Ummmm I went to see who was upstairs, he was the only one in his room so we had sex while the travel channel played in the background.
Oh good. Romantic. Still, I'm jealous of the sex.
Probably not, since he made me promise not to tell anyone it only lasted ten seconds.
Just had to explain to a senior manager why I had duct tape residue on my wrist and hand. This weekend was a success.
i knew it was going to be a good night when i was bleeding, licked it and it tasted like miller light
would it be subtle enough if I played birthday sex on repeat while I may or may not be stripping?
The only piece of furniture in the apartment is a wine rack.
We need to get her a baby shower present. And no, a blow up sex doll with her dead boyfriends picture stuck to it, is not appropriate.
I am way too attached to fictional lesbians.

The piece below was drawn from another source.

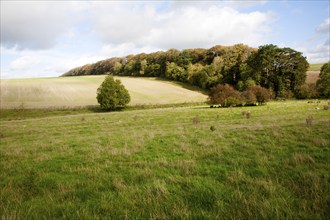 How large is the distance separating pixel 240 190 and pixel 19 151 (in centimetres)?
1256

I still have a scar from the last time she gave me a handjob. There is NO WAY i'll stick my dick anywhere near her again
Found a piece of twizzler in my buttcrack.
We left the bar and you kept yelling "ONWARD SCION, TO GLORY!!"
once he tried to wake me up from my hangover nap to have sex, that's when things went downhill. he had to go.
Adulthood is weird i just cleared a check larger than my gross income from 2011 but i also just did coke during my lunch break
in mid sex he pointed out my great gatsby tattoo and we started discussing themes and metaphors from our fave fitzgerald novels
you need to stop fucking English majors
We couldn't find her anywhere. Finally, I saw her sitting in my bathroom floor spraying hair mouse into her mouth and whispering "I fucking love whipped cream." WHAT DID YOU GIVE HER AND CAN I HAVE SOME?
Remember when we thought adulthood would be different than college?
It is different. We had hopes and dreams back then. Now we're just alcoholics.